ASSIGNMENT:
What is needed is an exact retyping of each entry, pictures excluded.

──────

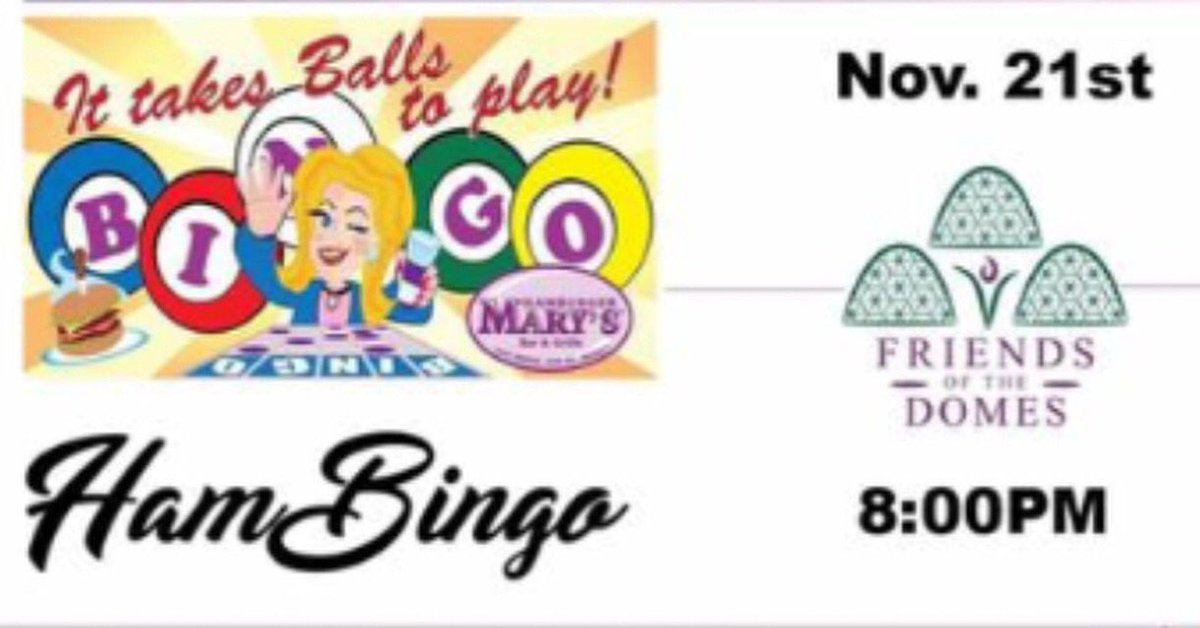 TONIGHT!!! Let’s play some Hambingo in support of the Friends of the Domes, starts at 8 PM @marysmke 
#mke #milwaukee #mitchellparkconservatory #hambingo #mitchellparkdomes #milwaukeedomes #bingo #prethanksgiving #funwithfriends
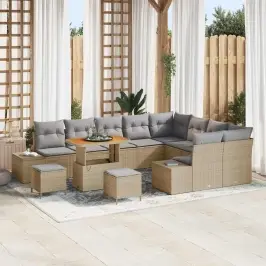 Aia Diivanikomplekt Ladustamisega 12 Pcs Beež Polürooster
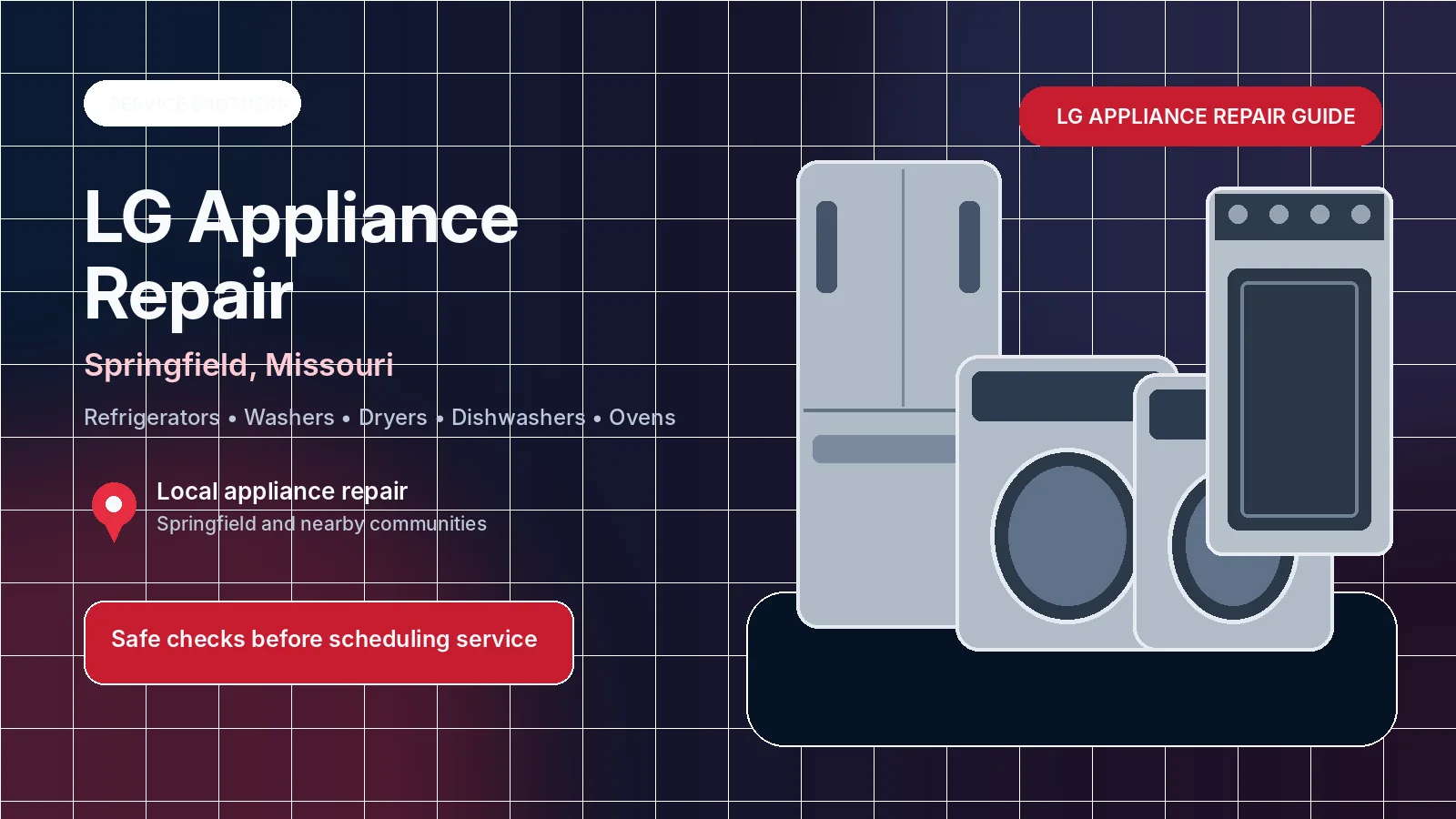 Illustration of LG refrigerator, washer, dryer and range repair in Springfield, Missouri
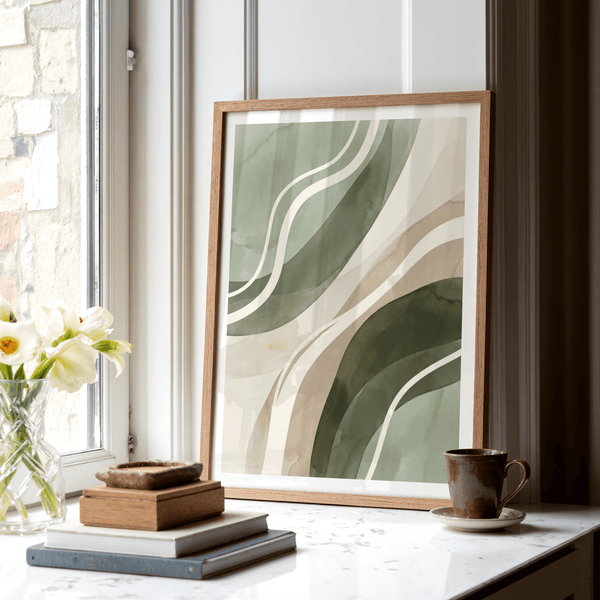 Modern Green Abstract Print with green beige white tones for office print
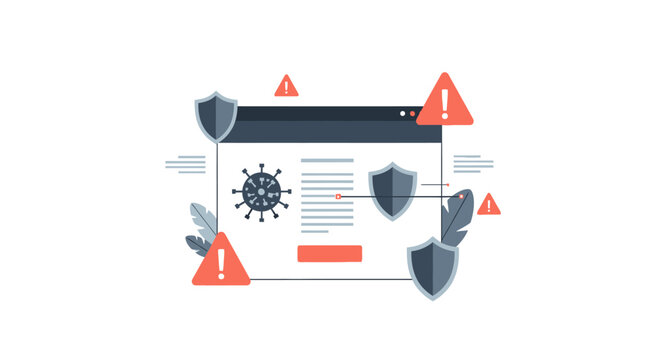 Cybersecurity threat alert system online. Vector Illustrations. EPS Editable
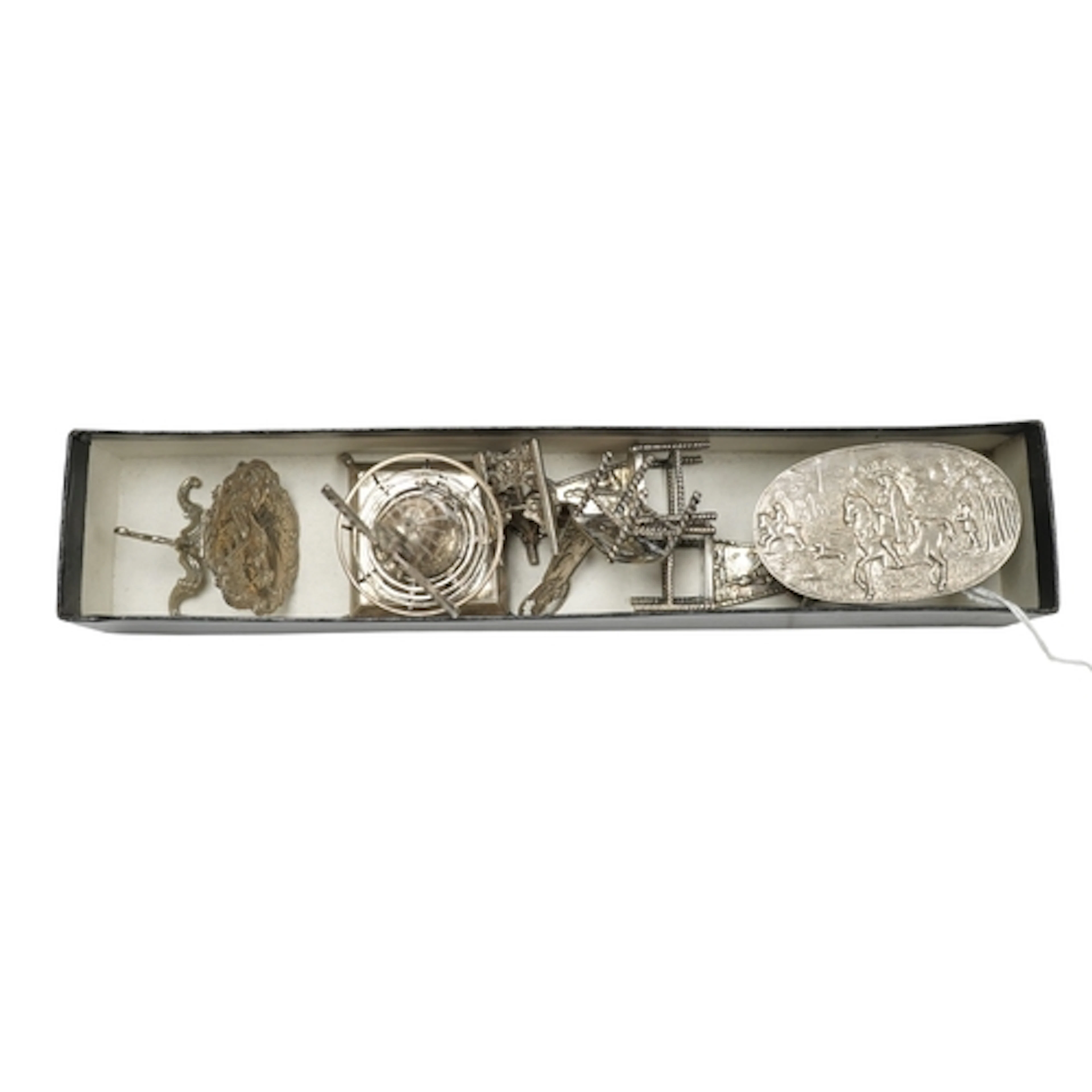 A group of Dutch late 19th/early 20th white metal and silver...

──────

RESPONSE TO THIS TASK:
 TONIGHT!!! Let’s play some Hambingo in support of the Friends of the Domes, starts at 8 PM @marysmke 
#mke #milwaukee #mitchellparkconservatory #hambingo #mitchellparkdomes #milwaukeedomes #bingo #prethanksgiving #funwithfriends
 Aia Diivanikomplekt Ladustamisega 12 Pcs Beež Polürooster
 Illustration of LG refrigerator, washer, dryer and range repair in Springfield, Missouri
 Modern Green Abstract Print with green beige white tones for office print
 Cybersecurity threat alert system online. Vector Illustrations. EPS Editable
 A group of Dutch late 19th/early 20th white metal and silver...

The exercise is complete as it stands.